The Beaver Valley people reported the bug to the NRC. The NRC action was swift and sure. They ordered the five plants which had used the faulty code in their design to shut down.
Harold Denton, director of the NRC Office of Nuclear Regulation said it would be ``some months" before the five units could evaluate the extent to which they are affected by the design error and then order and install the necessary replacement pipe supports so that they could reopen.
This was in the middle of the Iranian Oil Crisis. The Iranian Revolution had taken 5 million barrels oil per day off the market. Oil prices were skyrocketing. Early in 1979, the price of oil was about $13 per barrel. By the end of the year, it was $30. Gas lines were everywhere.
The NRC action increased the US demand for oil by 180,000 BPD. If we assume an average price of $20/barrel and interpret Denton's ``some months" as 3, then the cost to the US consumer was about 350,000,000 1979 dollars, and still longer gas lines.
The NRC almost gloated over its action. Look how safe we are.
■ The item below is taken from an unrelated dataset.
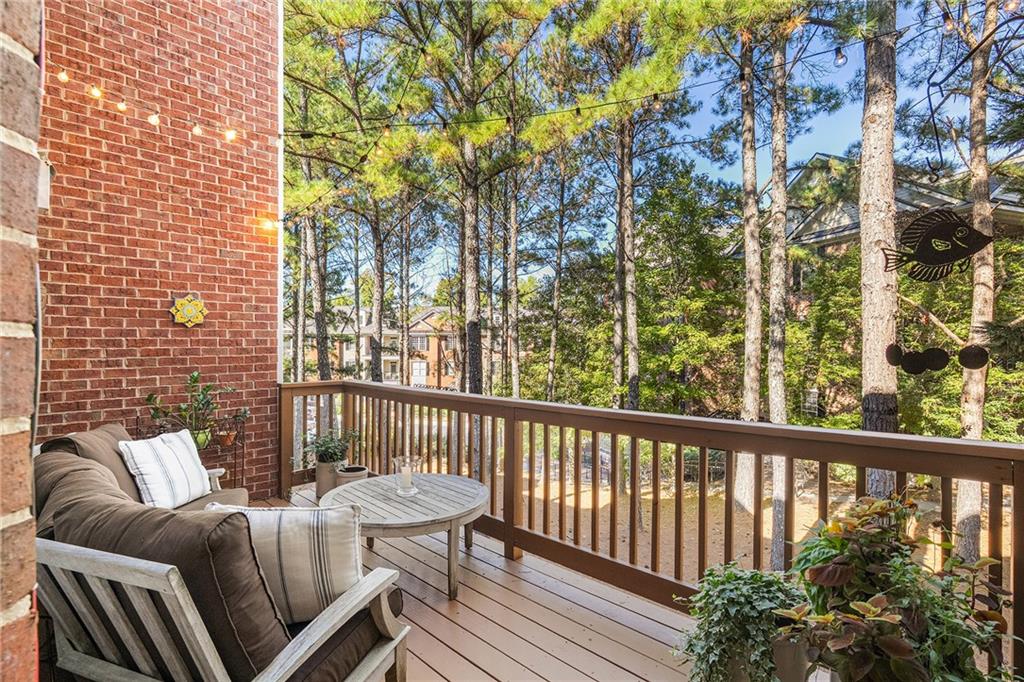 2311 English Ivy Court SE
We do not hesitate to inflict great harm on the American public to avoid a tiny chance of a pipe support failure. Chairman Joseph Hendrie told a Senate hearing, the ``shutdown will cost consumers an arm and a leg". ``We didn't even need a phone to hear the shrieks from the Energy Department over this thing", Hendrie joked. Under questioning Hendrie said no attempt had been made to calculate the price since the NRC's responsibility was safety without regard to economic and social costs.
So to prevent a possible pipe support failure which might occur only if the plants got hit with the largest earthquake on record, the NRC cost the American public at least $350,000,000 and untold hours in gas lines. Any sane benefit-cost analysis would keep the plants running; and, if necessary, beef up the pipe supports at the next planned outage.
But the NRC is not about balancing benefits and costs. It is about preventing releases without regard to economic and social costs. 15 days after the shutdown, Three Mile Island 2 melted down.
Jack - what a sad tale.
Did you listen to the Titans of Nuclear podcast featuring Nils Diaz? He was a commissioner for 10 years starting in 1996 and ending as chair in from 2003-2006.
He was probably the most technically qualified commissioner in the history of the NRC/AEC.
IMO, every NRC employee should be required to listen to his interview.
Nuclear has got to move forward or the planet is toast. Nothing compares to its safety being 340 times safer than Solar! LNT has been debunked by the science community so nuclear plants should be insurable. No future health issues are predicted for Chernobyl and Fukushima disasters.
We are being left behind in a world that is stepping up in build out of nuclear power and those regions will have a competitive edge on the USA for the lack of foresight we currently command.